**PROMPT:** The answer must restate every record word for word.
◇ ◇ ◇
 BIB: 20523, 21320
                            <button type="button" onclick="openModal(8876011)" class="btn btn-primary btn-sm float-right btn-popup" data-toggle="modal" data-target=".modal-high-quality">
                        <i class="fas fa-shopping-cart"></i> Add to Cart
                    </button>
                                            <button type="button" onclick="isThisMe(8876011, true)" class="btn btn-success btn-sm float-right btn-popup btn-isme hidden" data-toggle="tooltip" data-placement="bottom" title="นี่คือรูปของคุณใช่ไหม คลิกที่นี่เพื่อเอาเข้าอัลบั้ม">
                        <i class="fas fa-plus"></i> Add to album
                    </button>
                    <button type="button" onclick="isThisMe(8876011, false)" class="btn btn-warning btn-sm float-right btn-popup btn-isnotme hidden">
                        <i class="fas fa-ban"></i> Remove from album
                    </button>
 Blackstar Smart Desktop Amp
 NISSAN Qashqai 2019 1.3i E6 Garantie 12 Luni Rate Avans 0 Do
◇ ◇ ◇
**PROBLEM SOLUTION:**
 BIB: 20523, 21320
                            <button type="button" onclick="openModal(8876011)" class="btn btn-primary btn-sm float-right btn-popup" data-toggle="modal" data-target=".modal-high-quality">
                        <i class="fas fa-shopping-cart"></i> Add to Cart
                    </button>
                                            <button type="button" onclick="isThisMe(8876011, true)" class="btn btn-success btn-sm float-right btn-popup btn-isme hidden" data-toggle="tooltip" data-placement="bottom" title="นี่คือรูปของคุณใช่ไหม คลิกที่นี่เพื่อเอาเข้าอัลบั้ม">
                        <i class="fas fa-plus"></i> Add to album
                    </button>
                    <button type="button" onclick="isThisMe(8876011, false)" class="btn btn-warning btn-sm float-right btn-popup btn-isnotme hidden">
                        <i class="fas fa-ban"></i> Remove from album
                    </button>
 Blackstar Smart Desktop Amp
 NISSAN Qashqai 2019 1.3i E6 Garantie 12 Luni Rate Avans 0 Do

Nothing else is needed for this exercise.